Exercise.
Transcribe, leaving out every picture, the lines that run from the start of the listing below through the line with "I Do What I Want Baseball Cap".
BEGIN
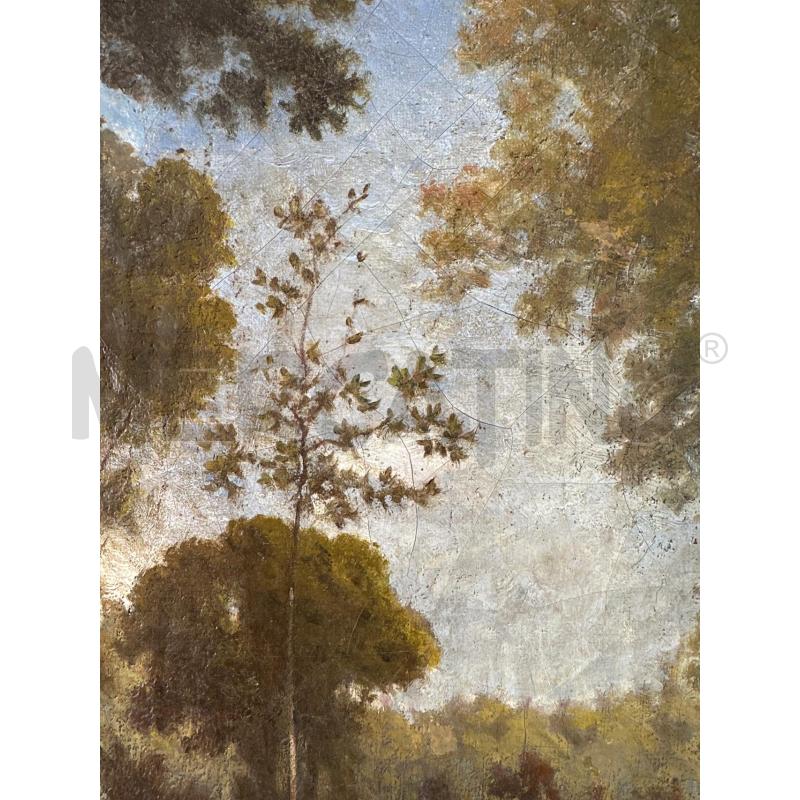 QUADRO 43X66 DONNA CON FASCIO DI LEGNA NEL BOSCO  | Mercatino dell'Usato Campobasso 4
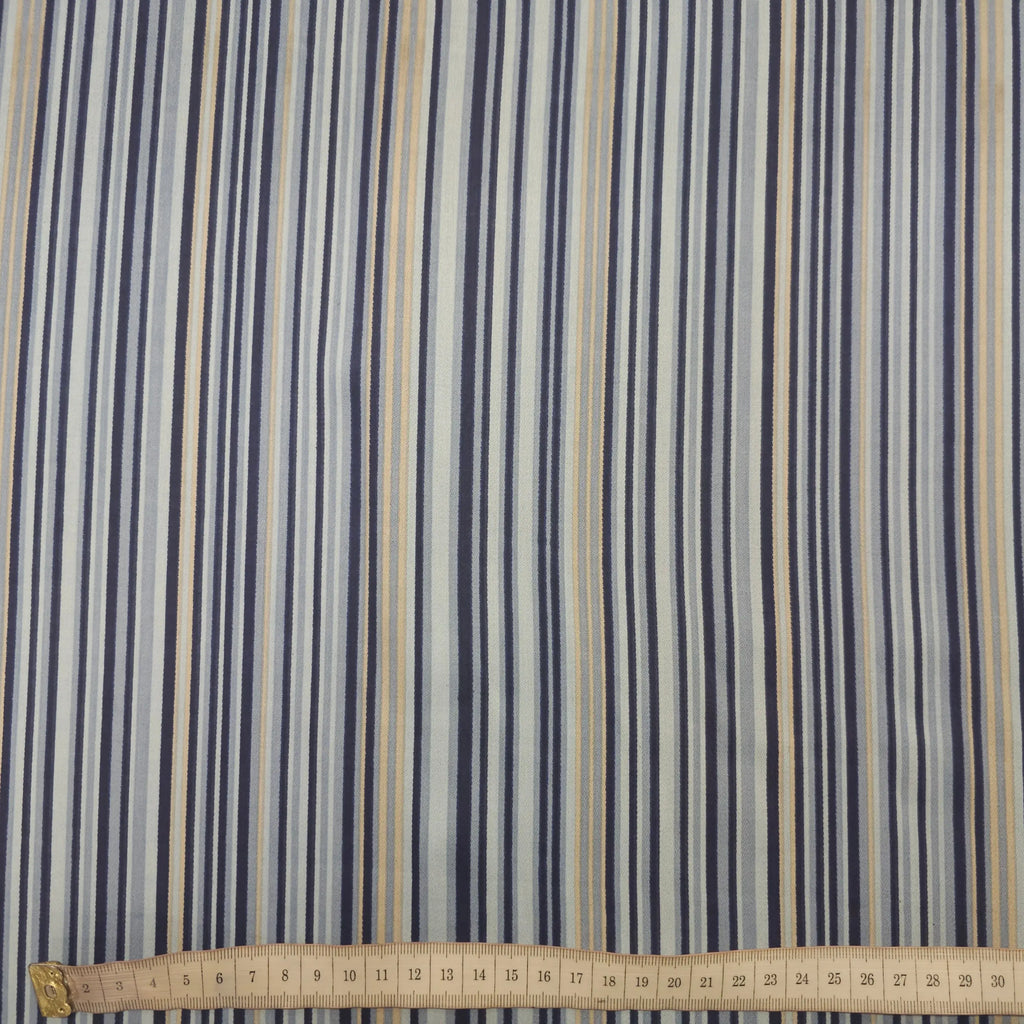 Baumwollstoff gestreift blau CSM-STOFFE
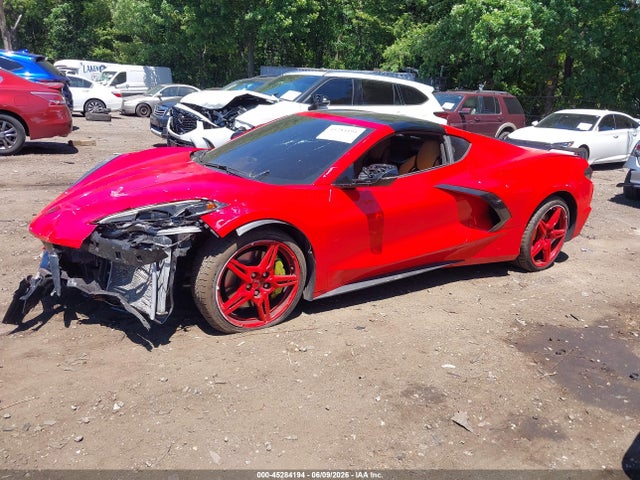 Продажа на аукционе авто 2021 Chevrolet Corvette Stingray Rwd  3lt, vin: 1G1YC2D45M5108635, номер лота: 45284194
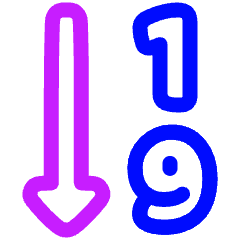 Ascending Number Order Icon from Plump Neon Set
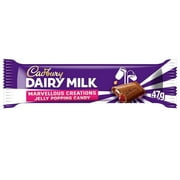 Cadbury Dairy Milk Marvellous Creations Jelly Popping Candy Bar 47g (Pack of 24)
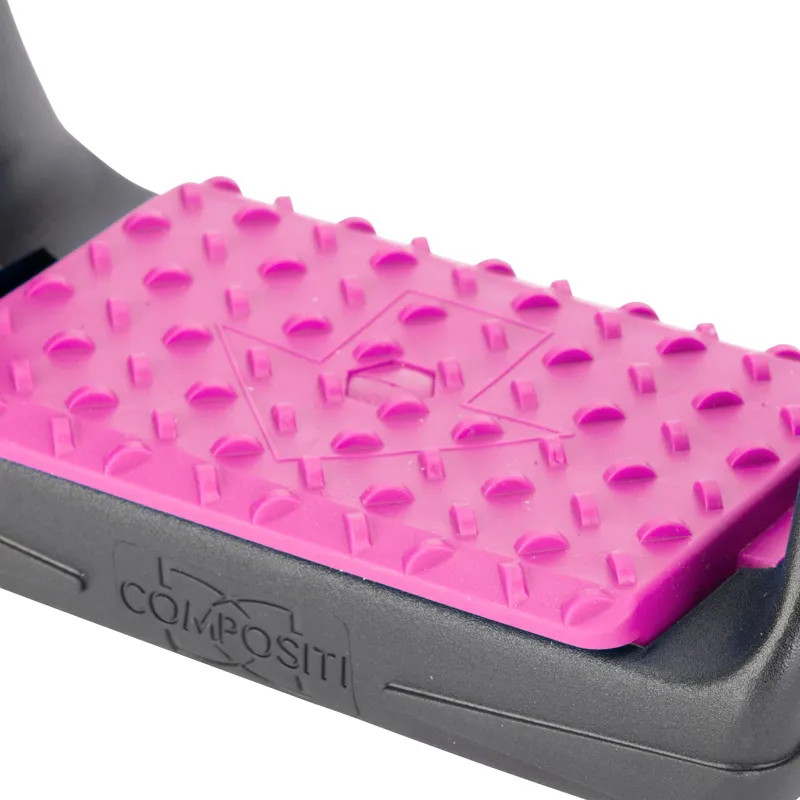 Shires Compositi Reflex Stirrups Adult in Pink-2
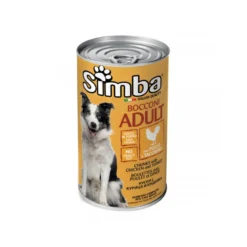Lata Pildog Simba Adult Pollo y Pavo para Perro 1230g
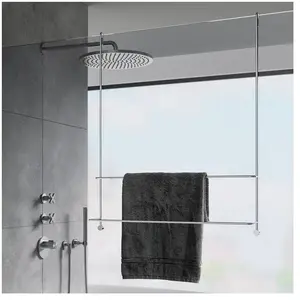 Giese Server Porte-serviettes de bain pour paroi en verre, 11860-02, pas cher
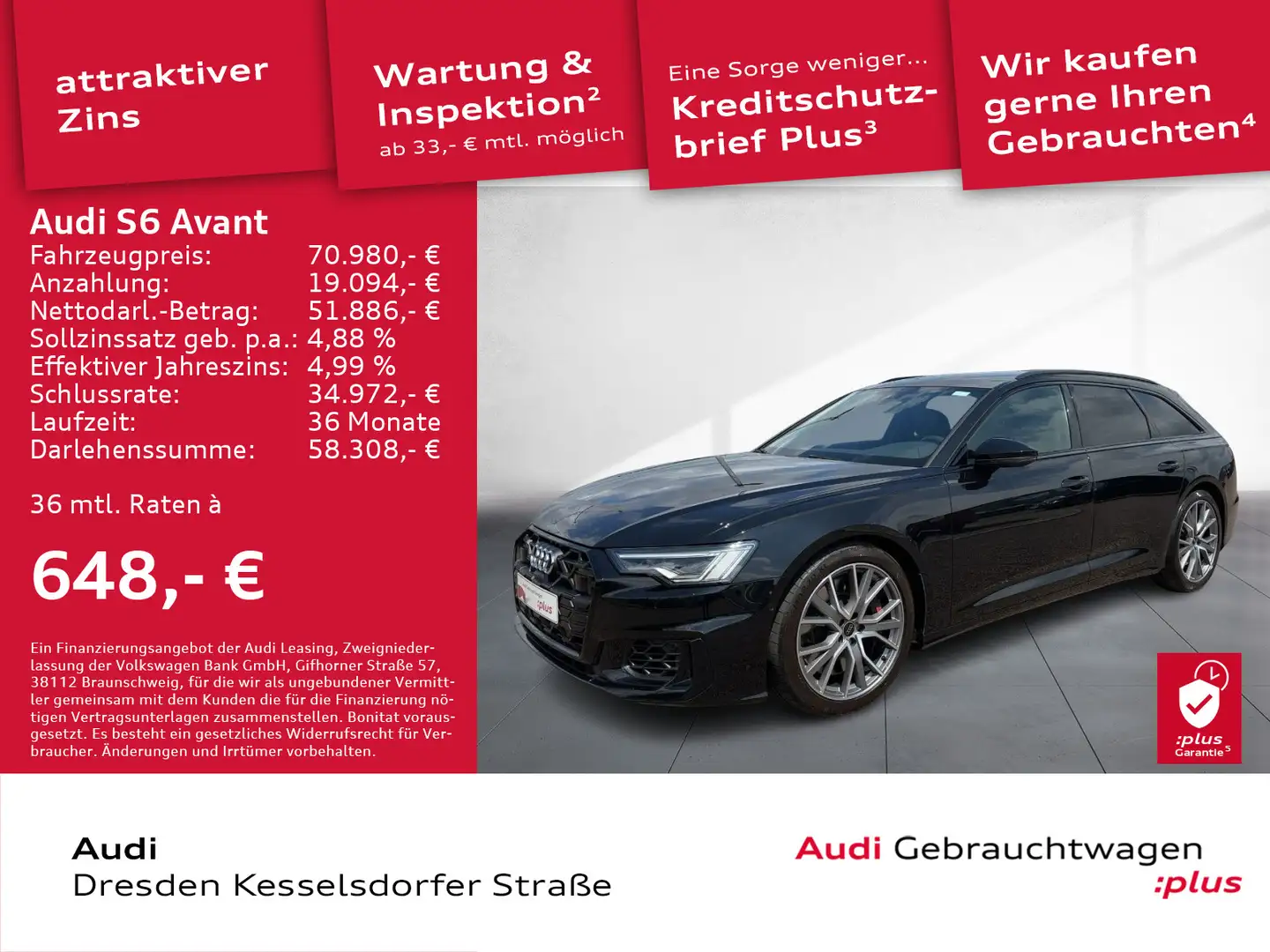 Audi S6 TDI tiptronic Navi AHZV LED Schwarz - 1
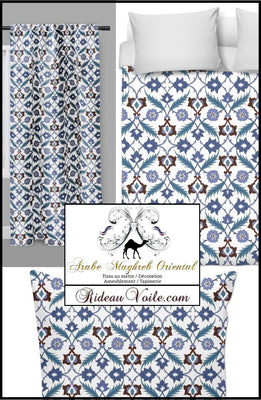  FLEURIE tissu ameublement mètre mosaïque Maghreb oriental motif florale Arabe rideau couette tapisserie Maghreb orientale pattern flowers Arabic fabric upholstery meter curtain drapes tapestry duvet cover.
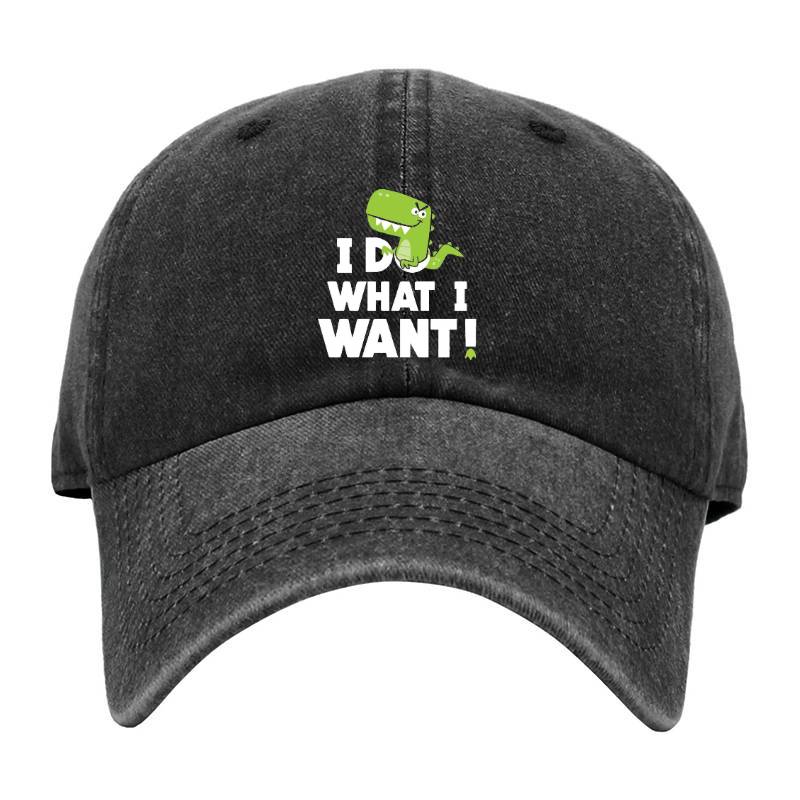 I Do What I Want Baseball Cap
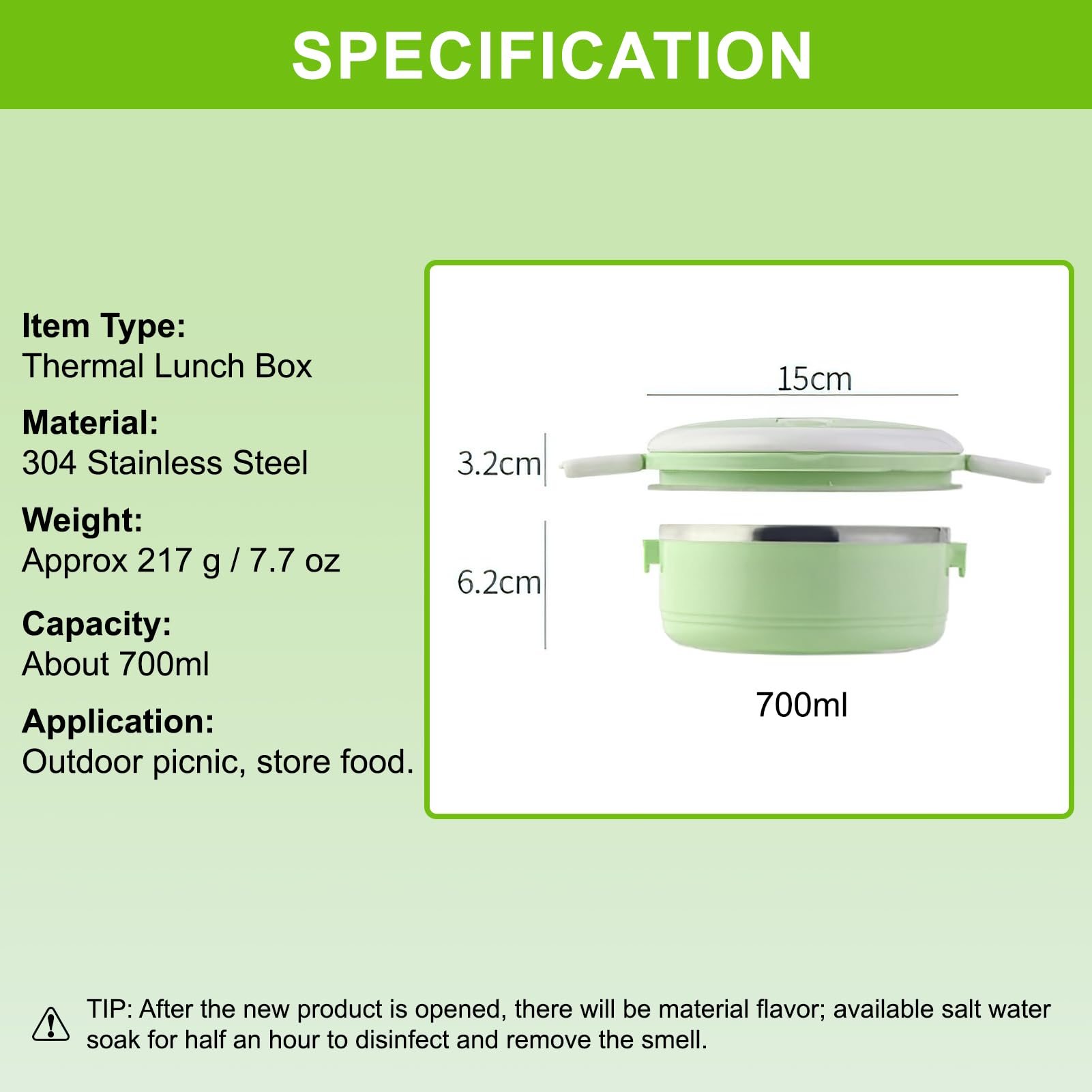 Boîte à Bento Isolée Portable-boîte à Déjeuner Thermique En Acier Boîte à Bento Isolée Portable-boîte à Déjeuner Thermique En Acier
END
Solution for this problem.
 QUADRO 43X66 DONNA CON FASCIO DI LEGNA NEL BOSCO  | Mercatino dell'Usato Campobasso 4
 Baumwollstoff gestreift blau CSM-STOFFE
 Продажа на аукционе авто 2021 Chevrolet Corvette Stingray Rwd  3lt, vin: 1G1YC2D45M5108635, номер лота: 45284194
 Ascending Number Order Icon from Plump Neon Set
 Cadbury Dairy Milk Marvellous Creations Jelly Popping Candy Bar 47g (Pack of 24)
 Shires Compositi Reflex Stirrups Adult in Pink-2
Lata Pildog Simba Adult Pollo y Pavo para Perro 1230g
 Giese Server Porte-serviettes de bain pour paroi en verre, 11860-02, pas cher
 Audi S6 TDI tiptronic Navi AHZV LED Schwarz - 1
  FLEURIE tissu ameublement mètre mosaïque Maghreb oriental motif florale Arabe rideau couette tapisserie Maghreb orientale pattern flowers Arabic fabric upholstery meter curtain drapes tapestry duvet cover.
 I Do What I Want Baseball Cap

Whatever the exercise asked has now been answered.